Plan Halieutis : les griefs de la Cour des comptes
Par Khadija Skalli
Lancé en 2009, le Plan Halieutis a eu un impact considérable sur le développement du secteur de la pêche maritime. Toutefois, certains dysfonctionnements ont été soulevés par la Cour des comptes. Lenteur dans la réalisation de certains objectifs stratégiques, faible taux d’exécution de certains projets programmés et insuffisance au niveau du suivi et du pilotage de la stratégie Halieutis.

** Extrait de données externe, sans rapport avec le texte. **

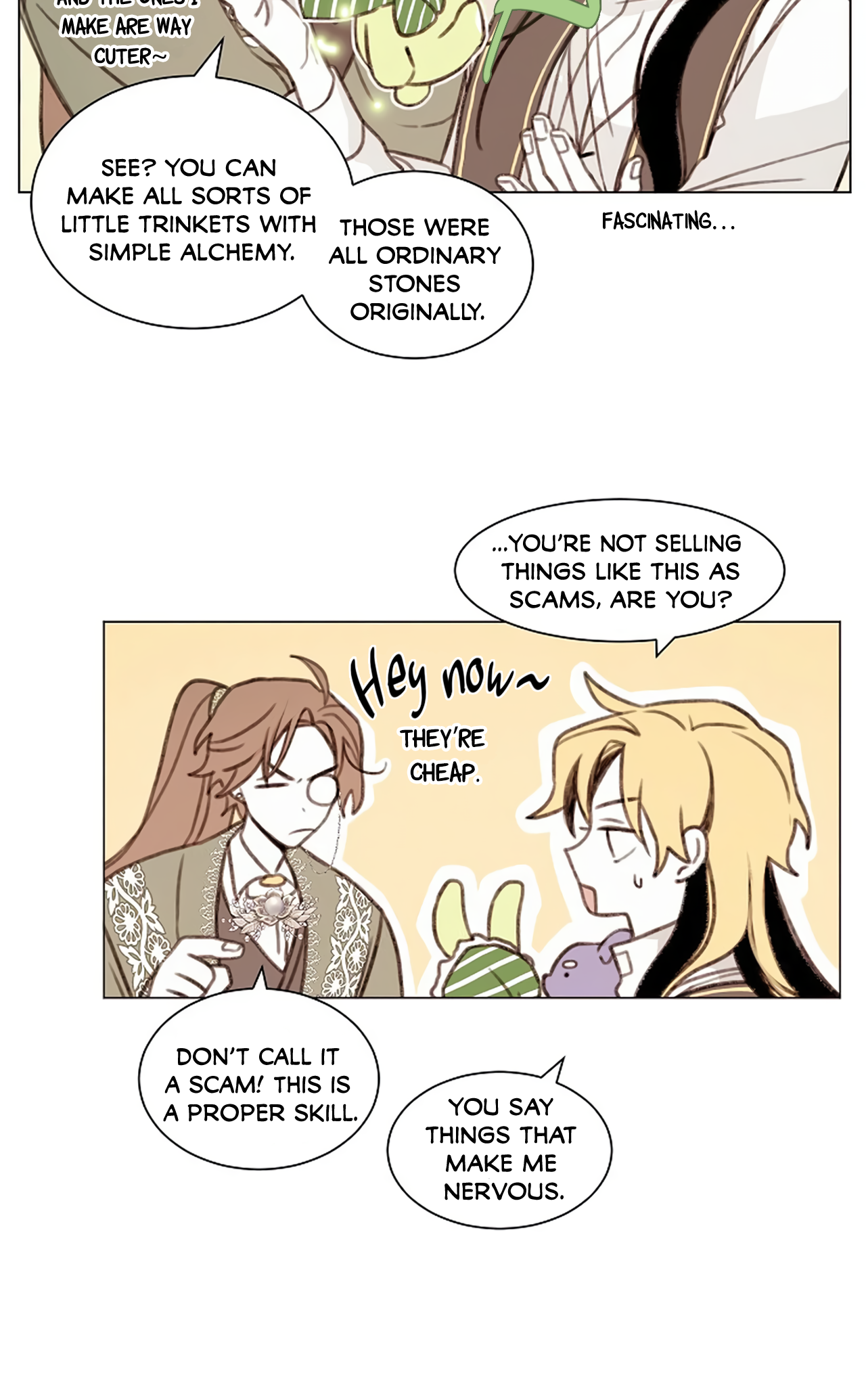 If This Maniac Is a Trial Chapter 5 page 35 -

La Cour des comptes a rendu public son rapport au titre de l’année 2018. Parmi les missions menées par cette institution supérieure de contrôle des finances publiques figure une évaluation du secteur de la pêche maritime. Le Département de Driss Jettou s’est penché sur l’évaluation de l’état d’avancement du Plan Halieutis. Satisfecit mitigé.
Selon les magistrats de la Cour des comptes, la mise en œuvre du Plan Halieutis a eu un impact considérable sur le développement du secteur. En témoignent les réalisations accomplies. « Le PIB de la pêche a presque doublé en passant de 8,3 MMDH en 2007 à 15 MMDH en 2015, et la production nationale a progressé de 3,75% par an en volume, et de 8,70% par an en valeur, sur la période 2009-2016 ». Et de poursuivre : « Celle-ci a atteint, en 2016, un volume de 1,46 millions de tonnes débarquées pour une valeur de 11,5 MMDH ». De même, les exportations des produits de la mer ont quasiment doublé en valeur passant de 9,26 MMDH en 2007 à 19,81 MMDH en 2015, soit près de 64,5% de l’objectif final du plan (30,71 MMDH) visé à 2020.

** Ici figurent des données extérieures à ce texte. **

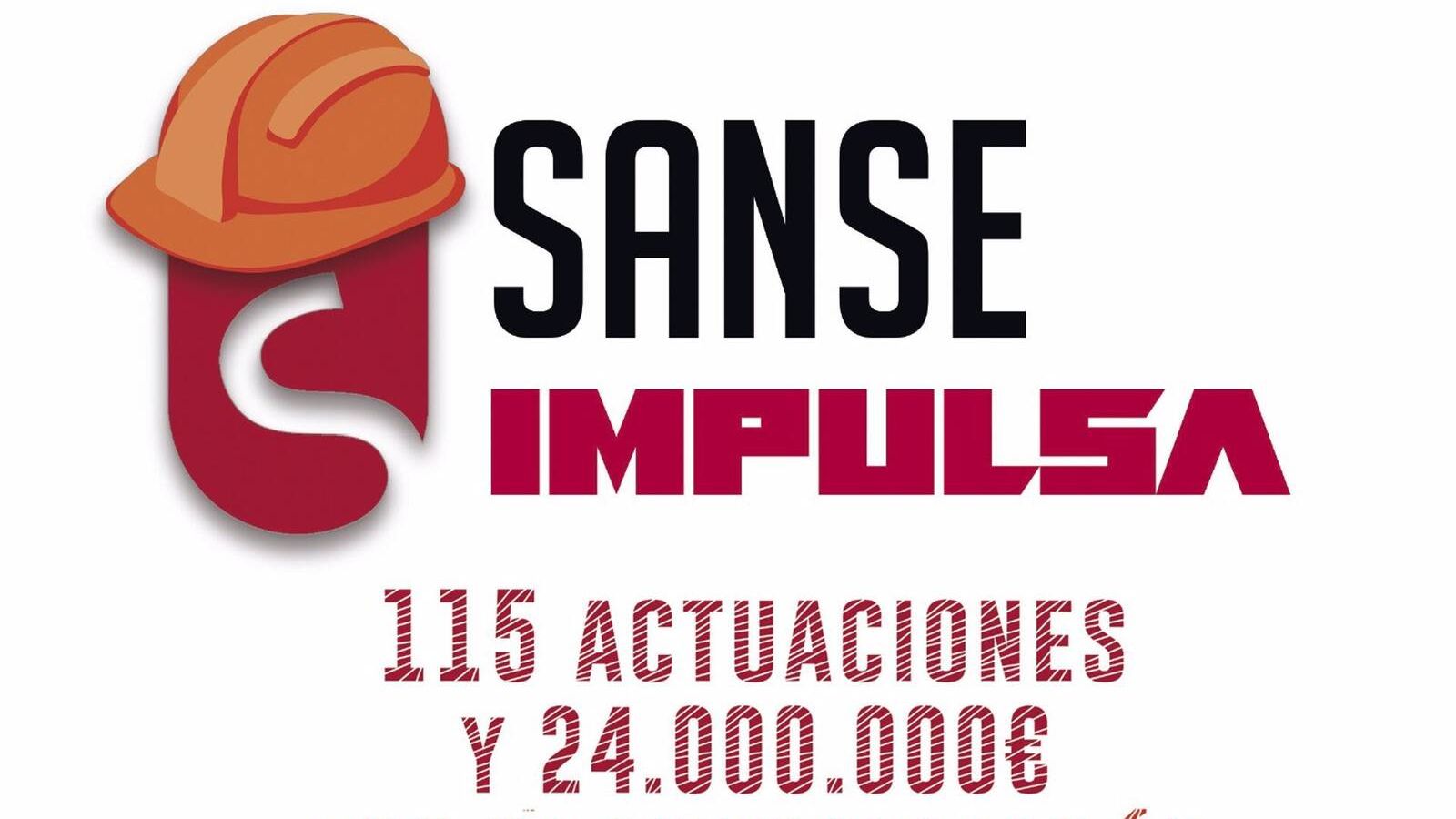 En marcha el Plan 'Sanse impulsa' para dar a conocer las inversiones y los planes municipales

Toutefois, « certains objectifs stratégiques du plan n’ont pas encore atteint les résultats escomptés », souligne le rapport.
La Cour des comptes pointe du doigt la « lenteur » dans la réalisation de certains objectifs stratégiques. « Le Plan Halieutis avait prévu de porter la part du Maroc dans le marché mondial en volume de 3,3% en 2007 à 5,4% en 2020. Toutefois, cette part n’a guère dépassé 1,9% en 2015 », précise la même source.
Par ailleurs, « la production aquacole moyenne pendant six ans (2010-2015) était de 400 tonnes seulement, alors que le Plan Halieutis a prévu de la porter à 200.000 tonnes ».
La Cour des comptes relève le « faible » taux d’exécution de certains projets programmés. « Après huit ans de son lancement, le rythme d’exécution des projets prévus reste globalement faible ». En juillet 2016, sur 70 projets prévus, 25 seulement ont été achevés pour un montant total de 567,72 MDH, soit un taux de réalisation budgétaire de 12,75%. D’un autre côté, seulement 39% des plans d’actions ont été achevés, 36% est partiellement réalisés, et 25% non encore mis en œuvre. Un autre grief formulé par les magistrats de la Cour des comptes c’est « l’insuffisance dans le montage financier préalable et dans le planning d’exécution des projets prévus ».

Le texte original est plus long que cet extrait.